Almazan regardait autour de lui miroiter les innombrables canaux d’irrigation qui dataient du temps des khalifes Ommeyades. Des hommes marchaient dans les cultures. Des vignes rousses étalaient leur abondance. Une impression de richesse et de joie montait des plaines fertiles.

Grenade ! Almazan se rappela tout ce qu’il avait entendu dire de la vieille cité arabe. Là, les poètes et les savants étaient honorés avant les guerriers. Nul n’était persécuté pour ses croyances religieuses.

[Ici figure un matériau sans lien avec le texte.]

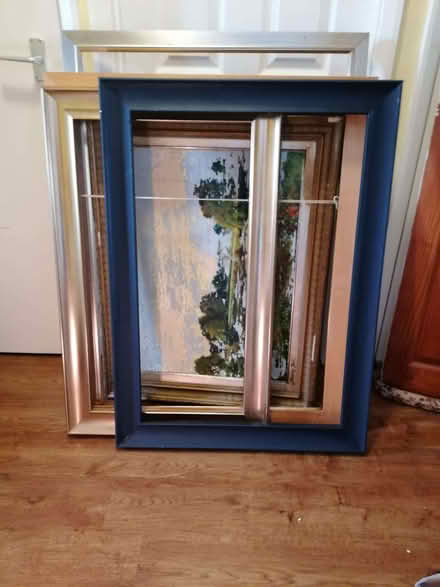 Photo of free Large picture frames (CT12) #1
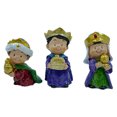 thumbnail image 4 of Uxgjfwu Christmas Nativity Scene Ornament Set, Miniature Resin Crafts with Figure Collection, Religious Home Decoration for Holiday Tabletop, Seasonal Display Piece, 4 of 9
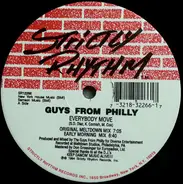 Guys From Philly - Everybody Move / After Midnight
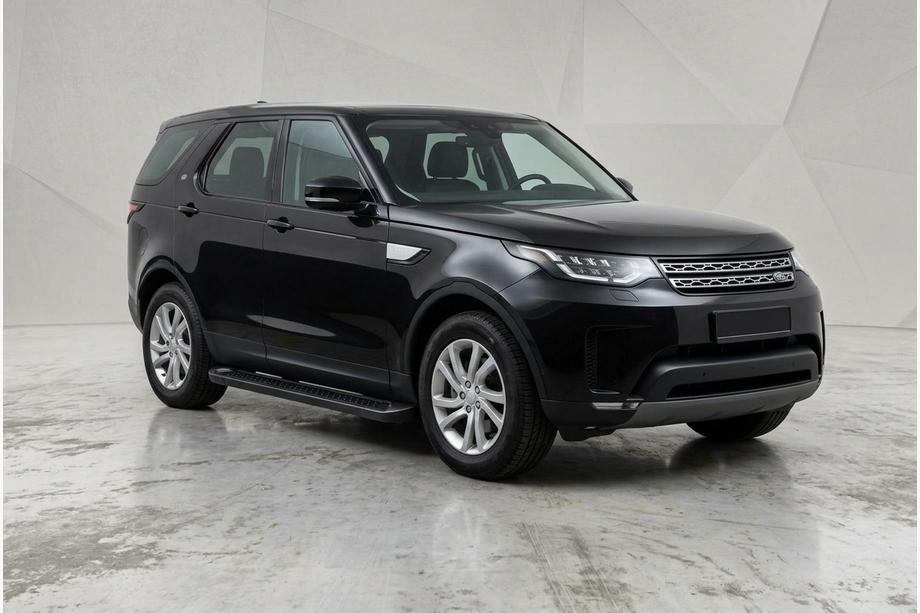 Land Rover Discovery V 2017- Estribos Laterales Allmond Black (2 uds., Aluminio) Image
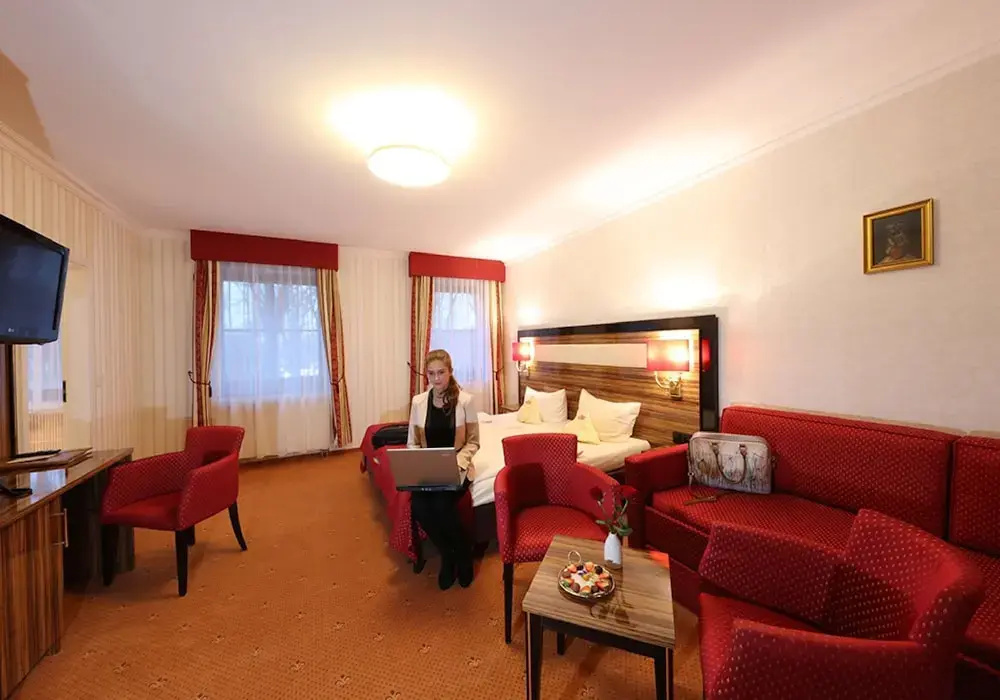 The Lakeside Burghotel zu Strausberg - Chambres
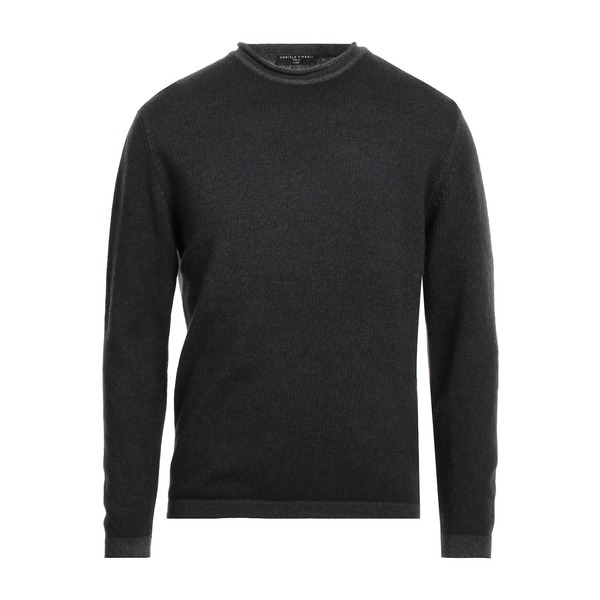 【貨物輸送無料】 ダニエル フィエゾリ メンズ 編み物\u0026プルオーバー アウター Sweaters Grey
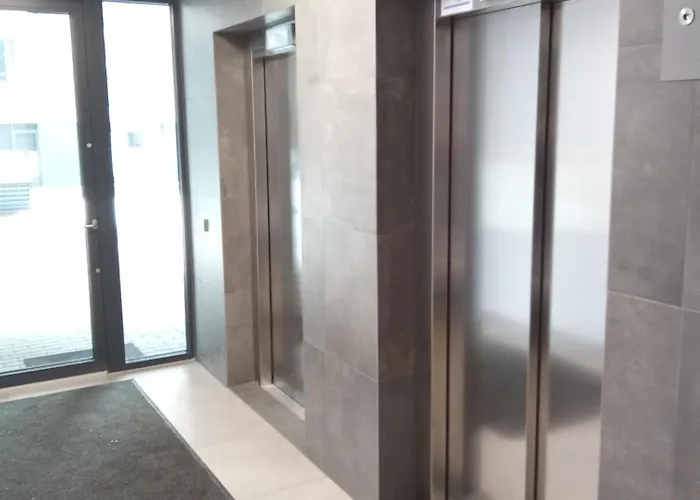 Apartman With A Balcony And An Impressive Terrace On The Roof Of The House Vilnius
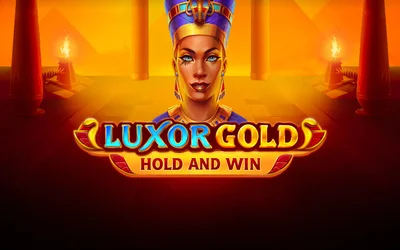 Luxor Gold: Hold and Win game visual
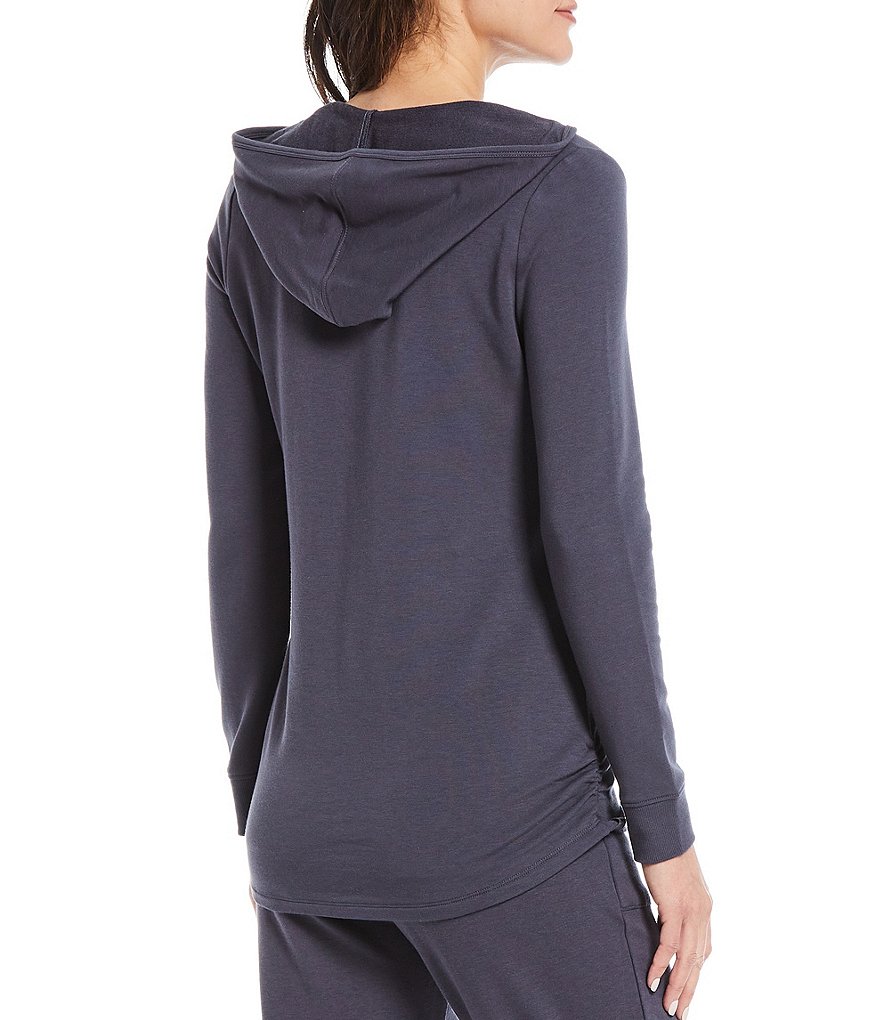 Barefoot Dreams Malibu Luxe Brushed Jersey Coordinating Lounge Hoodie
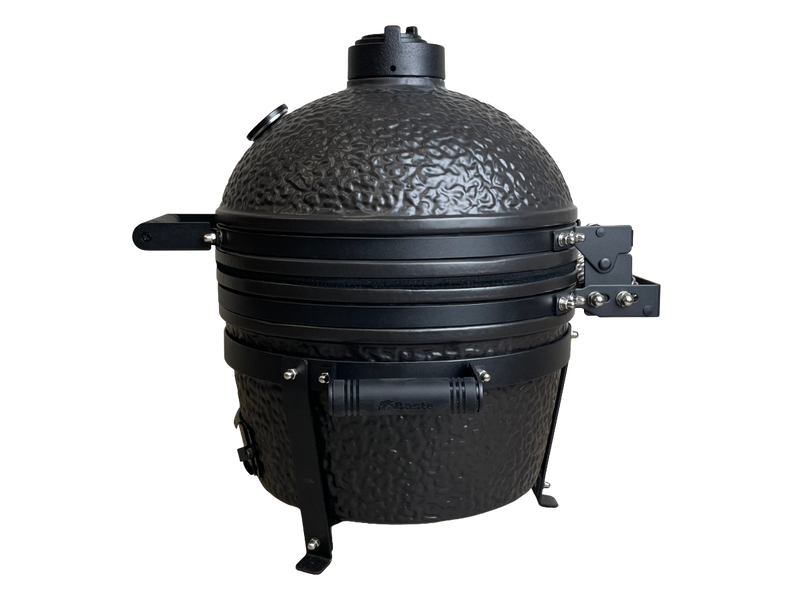 BASTE kamado bbq small - 16 inch - Zwart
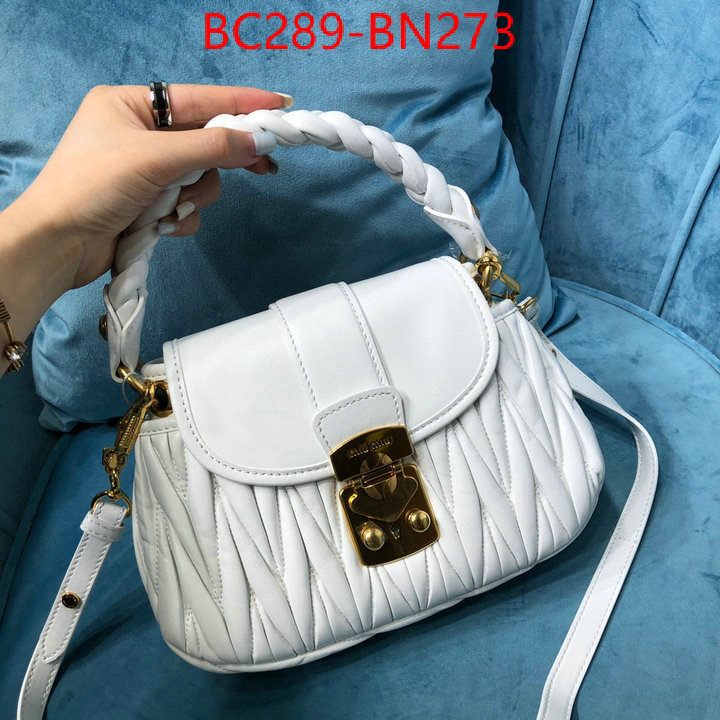 Miu Miu Bags(TOP)-Diagonal-,wholesale sale ,ID: BN273,$: 289USD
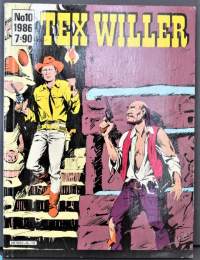 TexWiller nro 10 / 1986
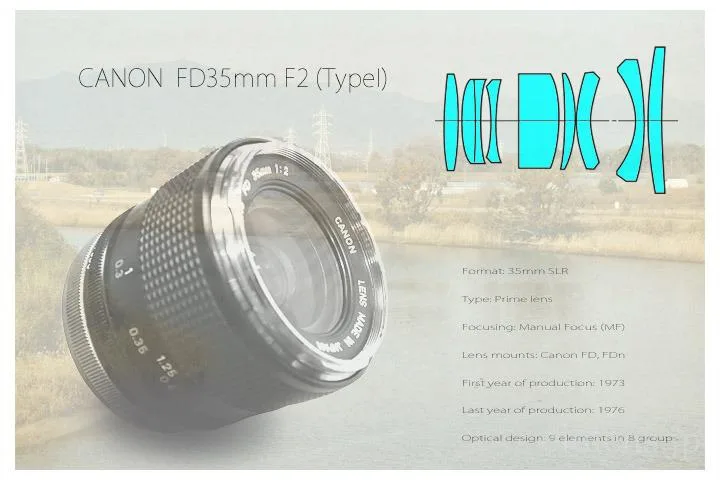 Canon Lens FD 35mm F2 Oマーク レビュー作例 希少前玉凹み キヤノンの Canon Lens FD 35mm F2 Oマーク レビュー作例 希少前玉凹み キヤノンの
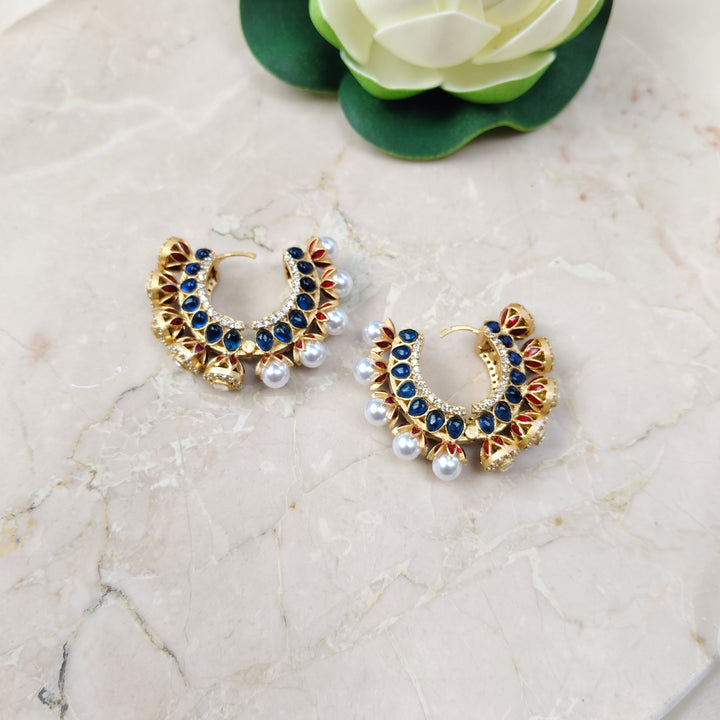 Sapphire Serenade Earrings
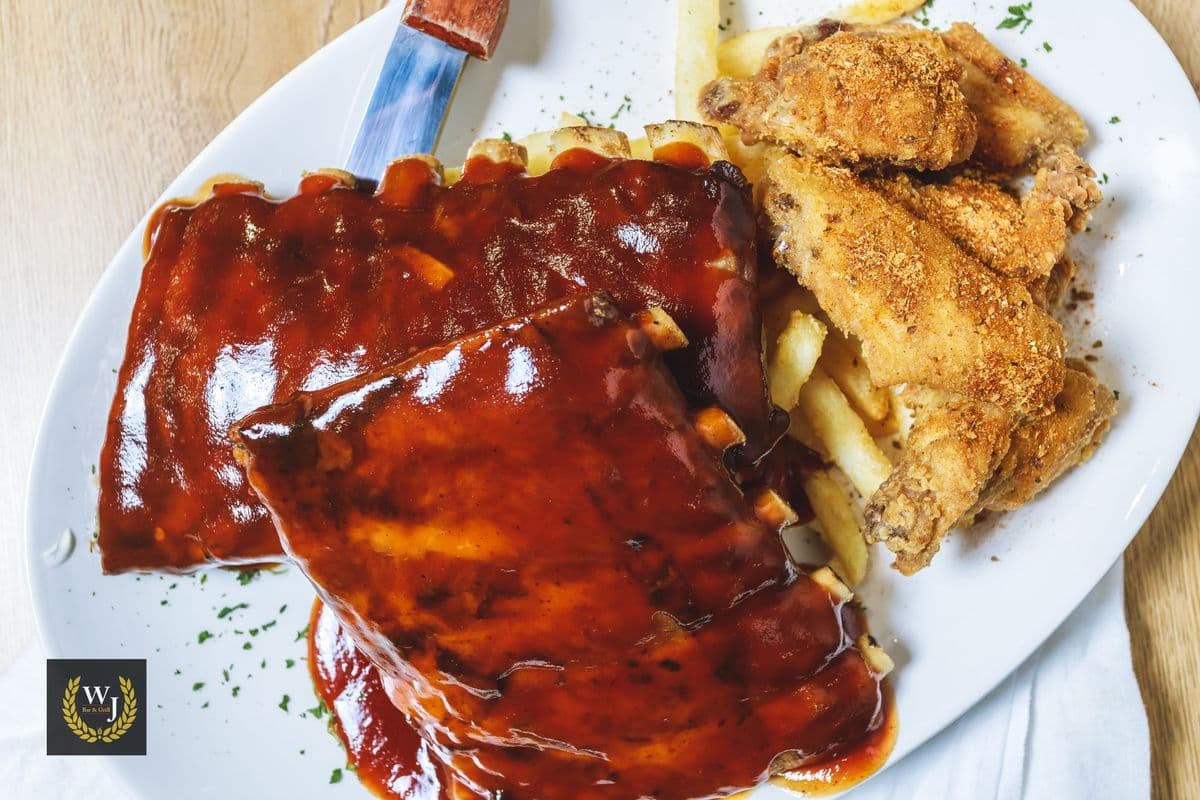 Whisky Ribs (Half)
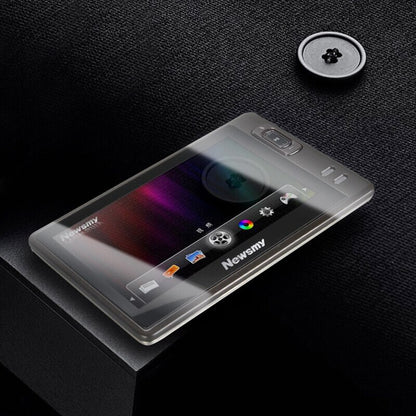 Newsmy A11HD+ Portable MP5 4.3 inch Big Screen MP4 Radios Walkman E-book 1080P HD Video Music Player Support OTG 64GB/128GB TF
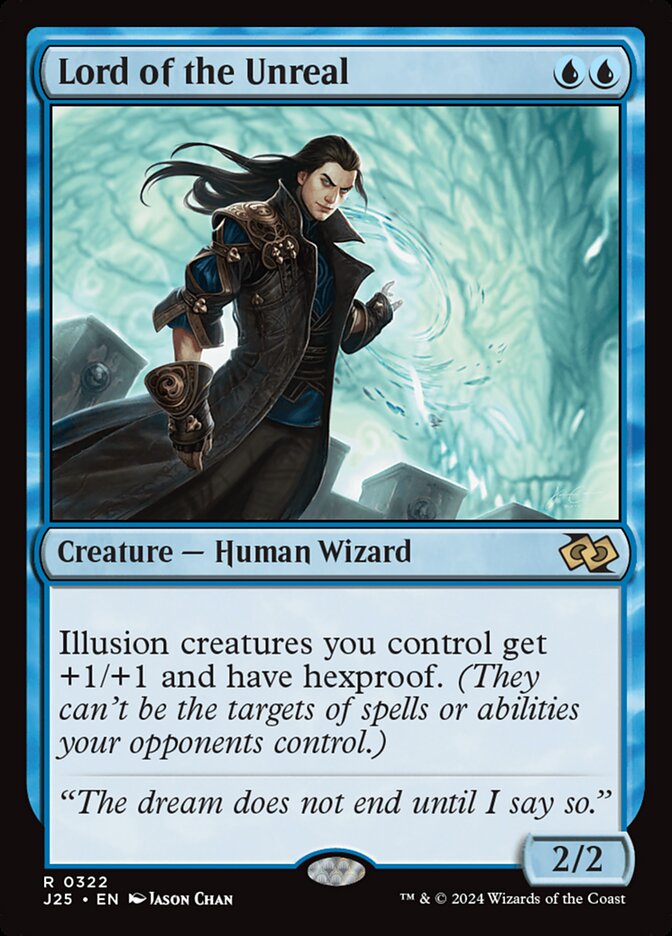 Lord of the Unreal card image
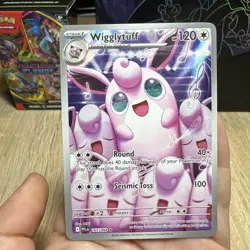 Wigglytuff 105/094 - Illustration Rare - Pokemon TCG: Phantasmal Flames - NM - Image 1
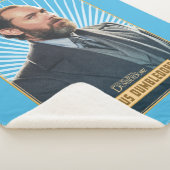 Couverture Sherpa Graphique de caractères Albus Dumbledore (3/4)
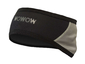 Wowow Reflective Hardloop Hoofdband Zwart/Reflecterend Zilver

Dans la blancheur des palais embellis par l’art des siècles, s’entretenaient, raffinés et subtils, les descendants de la race qui avait vaincu le monde.

Une jeune femme, accroupie devant une maison basse et qui s’exerçait à jouer d’une darbouka, lui fit de loin un signe amical de la main. Ce geste et la musique qui résonnait furent pour lui le symbole matériel de l’hospitalité des Arabes et de leur amour de la beauté.

Il se hâta. Il apercevait au fond de l’horizon la masse formée par la porte d’Elvire.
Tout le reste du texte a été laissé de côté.